DATA FOR THE TASK ->
····················
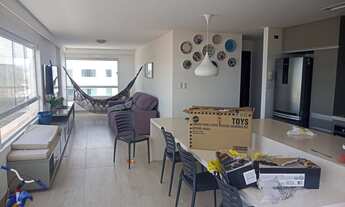 Imagem: Cobertura duplex 250m² 3 suítes no Bessa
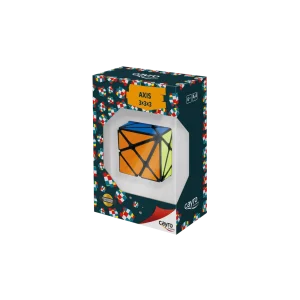 Cube 3X3X3 Axis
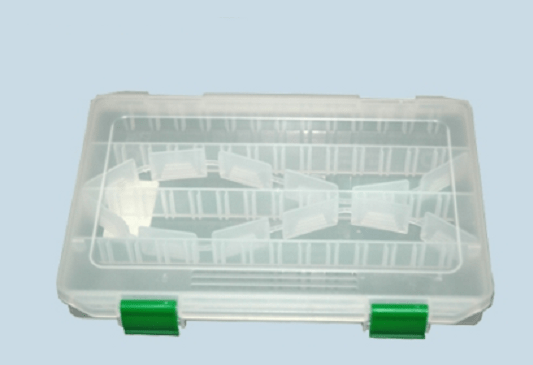 Коробка FisherBox 220 р-р:220*160*20 арт:22.16.02 Коробка FisherBox 220 р-р:220*160*20 арт:22.16.02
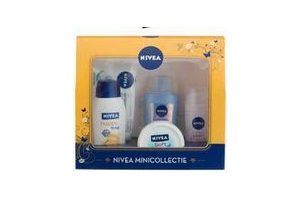 nivea mini pakket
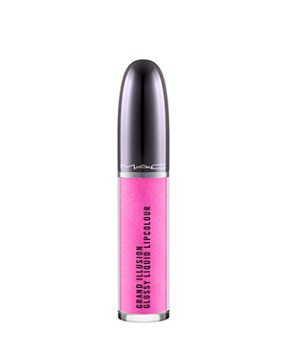 MAC Grand Illusion Glossy Liquid Lipcolour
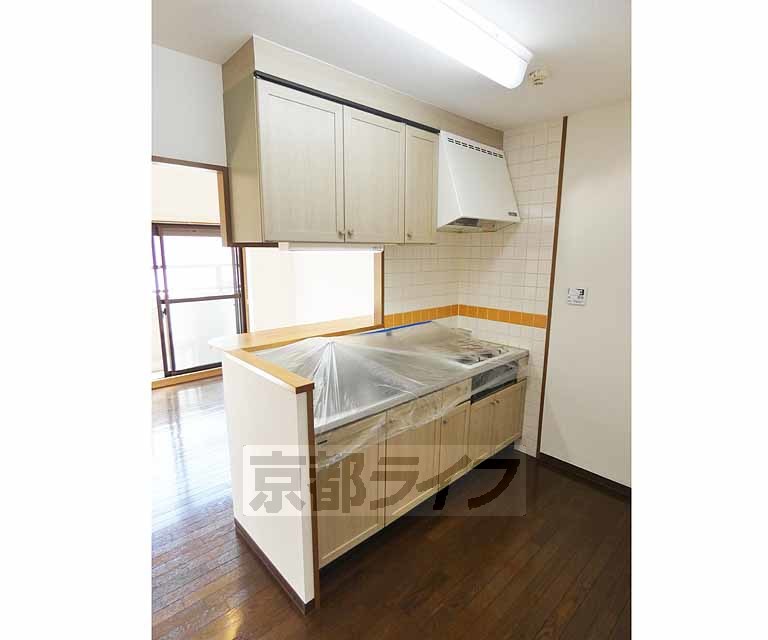 キッチン　システムキッチンです！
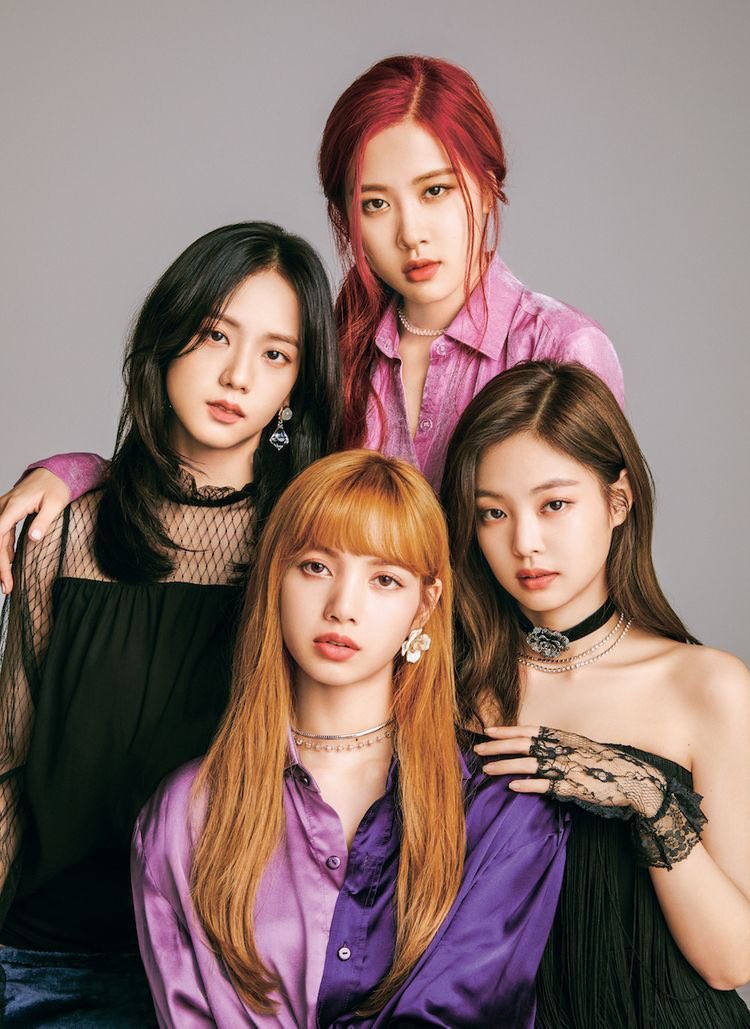 めめす 個人的パーソナルカラー診断 Blackpink編 ロゼちゃん イエベ春 ジスちゃん ブルベ夏 リサちゃん イエベ秋 ジェニちゃん ブルベ冬 でもブラウンヘアも似合うからイエベ春もあるかなぁ メイクでかなり印象違うから彼女は難しい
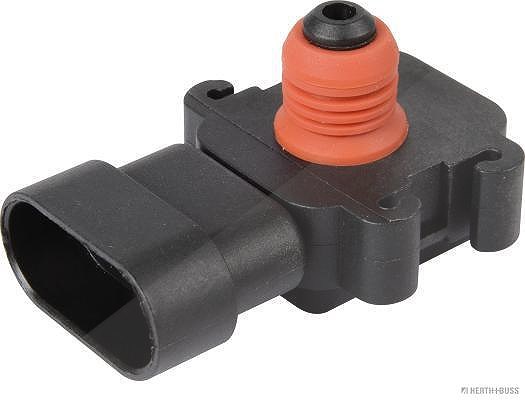 Herth+buss Jakoparts Sensor, Ladedruck [Hersteller-Nr. J5701002] für Vauxhall, Nissan, Opel, Renault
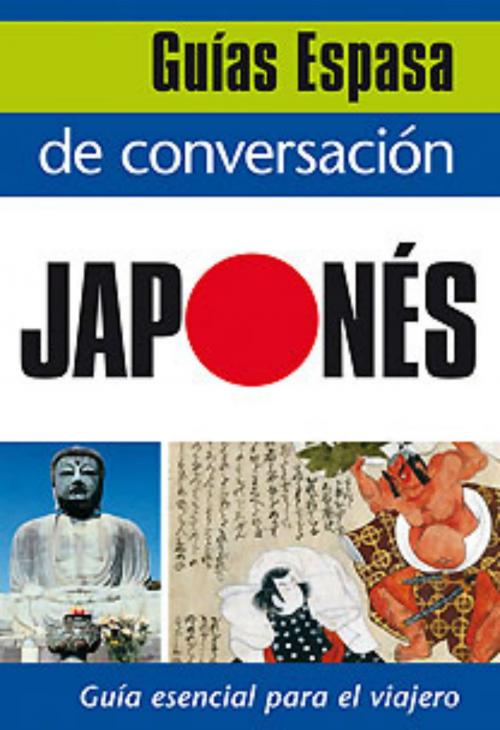 Cover of the book Guía de conversación japonés by AA. VV., Grupo Planeta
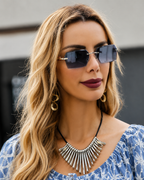 Monaco Square Sunglasses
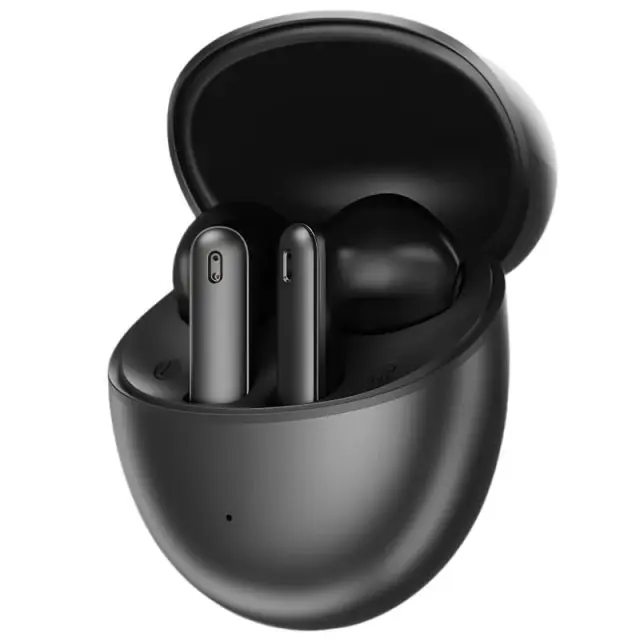 True Wireless Ακουστικά Bluetooth HiFuture Colorbuds 3 Μαύρο N71897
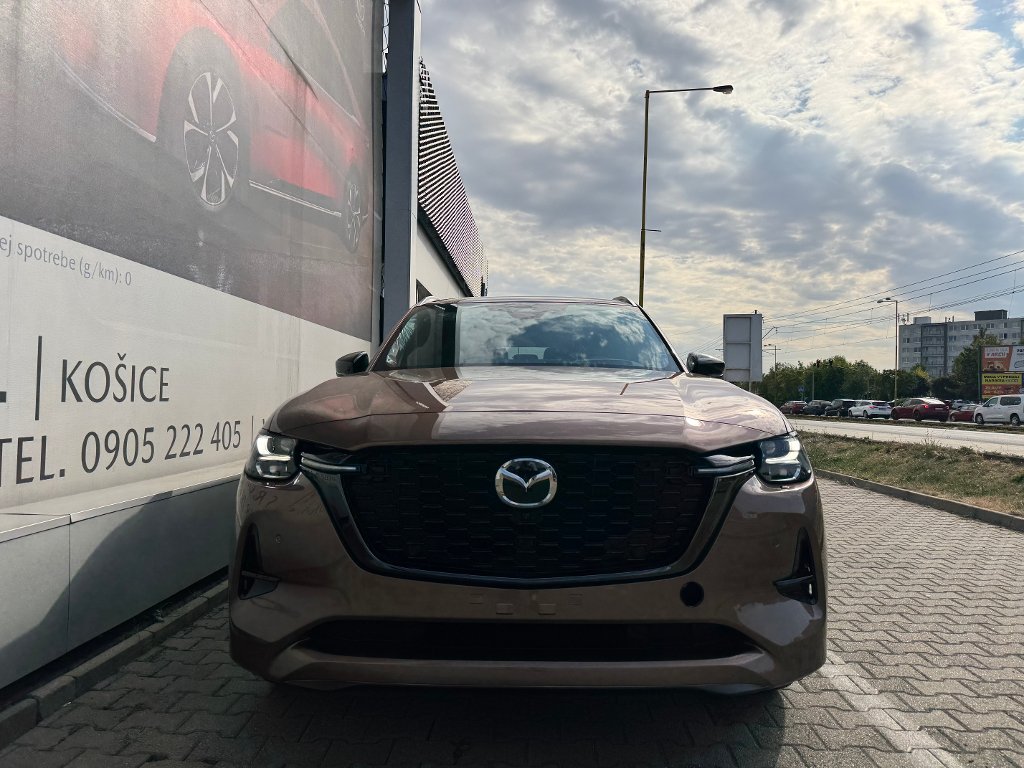 Mazda CX-80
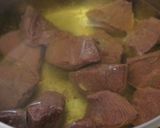 余りのルウ合わせて美味しい牛タンカレー作り方5写真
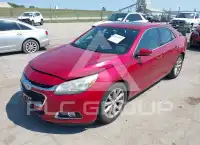 2014 Chevrolet Malibu photo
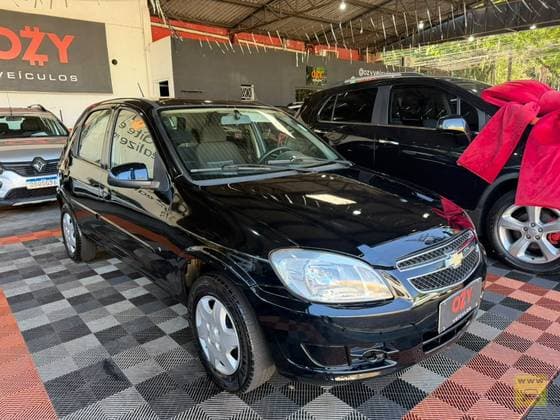 Carro 1.0 MPFI LS 8V FLEX 2P MANUAL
····················
WORK TO BE COMPLETED -> Verbatim output, no pictures: the line holding "Monaco Square Sunglasses" and all lines after it through the last line of the material, with nothing else.

SOLUTION TO THIS EXERCISE ->
 Monaco Square Sunglasses
 True Wireless Ακουστικά Bluetooth HiFuture Colorbuds 3 Μαύρο N71897
 Mazda CX-80
 余りのルウ合わせて美味しい牛タンカレー作り方5写真
 2014 Chevrolet Malibu photo
 Carro 1.0 MPFI LS 8V FLEX 2P MANUAL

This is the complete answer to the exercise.